Thursday, May 28, 2009

Circle Line trains start rolling today

Five stations open, with work on rest of 33.3km line nearing completion

TRAINS start rolling through the Circle Line's first five stations this morning, as work on the rest of the underground line nears completion.

Marymount, Bishan, Lorong Chuan, Serangoon and Bartley stations will begin operations today, with the first train arriving at about 6am.

The remaining 24 stations will open from next year. Progress at these stations is on track, Transport Minister Raymond Lim said yesterday.

About 98 per cent of the 33.3km-long Circle Line tunnels have been completed. The rest will be finished by September, said the Land Transport Authority (LTA).

While the LTA would not say which stations will open next, it is likely that Circle Line stages 1 and 2 are next in line.

With 11 stations in all, these two stages include those in the City Hall and Paya Lebar area.
Six stations - Dhoby Ghaut, Bras Basah, Esplanade, Promenade, Stadium and Tai Seng - have already obtained Temporary Occupation Permits, which means they can be occupied.

The Circle Line, which will eventually run from HarbourFront to Dhoby Ghaut, helps commuters transfer between existing lines without the need to travel to the city centre.

Among the five stations open today are two interchanges, Bishan and Serangoon, where commuters can transfer to the North-South line and North-East line respectively.

Deputy Prime Minister Teo Chee Hean, who opened the stations in a ceremony at Bishan MRT yesterday, said: 'It will open up multiple new connections for residents in the north and the north-east.'

With the Circle Line, a commuter will now take only four minutes to travel from Bishan to Serangoon, compared to 15 minutes by bus or more than 25 minutes on existing rail lines.
Mr Teo added: 'Singaporeans expect high standards and the LTA and the public transport operators must work hard to meet the expectations of the Singaporean commuter.'

A Gallup world poll of 20 cities last year found that Singaporeans were the most satisfied with their public transport system.
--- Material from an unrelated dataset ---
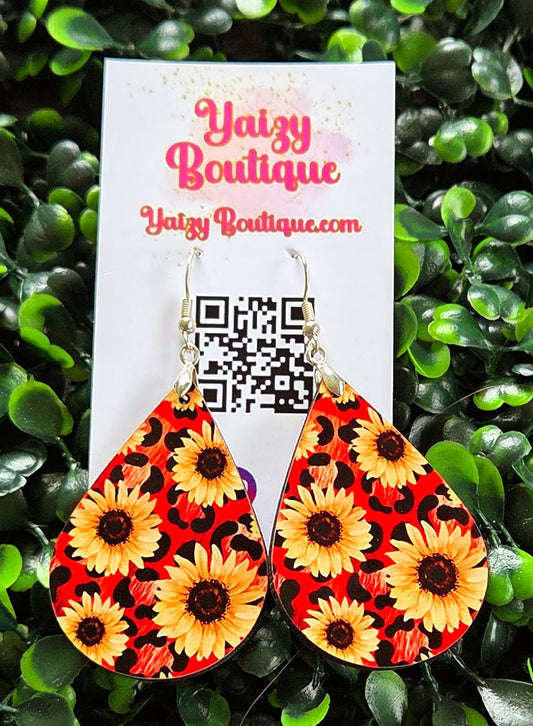 Handmade Sunflower Teardrop Earrings | Bold Red & Black Pattern | Lightweight MDF Wood Yaizy Boutique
With more than $40 billion to be spent on doubling the rail network by 2020, the LTA and the two operators have their work cut out for them maintaining that ranking.

About 55,000 commuters are expected to use the Circle Line's first five stations. Daily ridership will climb to about 500,000 when the entire line opens.

Trains will run at a frequency of one every three to four minutes during peak hours at the five stations.

Adult ez-link fares, ranging from 73 cents to $2.07, are similar to those on the North-East line, but higher than those on the older North-South and East-West lines.

The Circle Line's operator, SMRT, said it will donate takings from the first 22 days of operations to charity.

SMRT's president and chief executive officer Saw Phaik Hwa said the operator expects to collect about $400,000 to $500,000 over the 22 days.

The company also unveiled yesterday a new uniform for its staff, who will now don the company's corporate colours of red, black and white.

The start of the new train service will also mark the launch of new careers for more than 300 SMRT staff hired to run the Circle Line.

They will fill positions like customer service officers, technical officers and engineers.

Among them is Miss Siti Nuraidah, 26, a train service controller for the new line. One of three women in the team of 20 controllers, she said: 'I might be new to the job but I want to challenge myself and prove that I can do as well as the others'.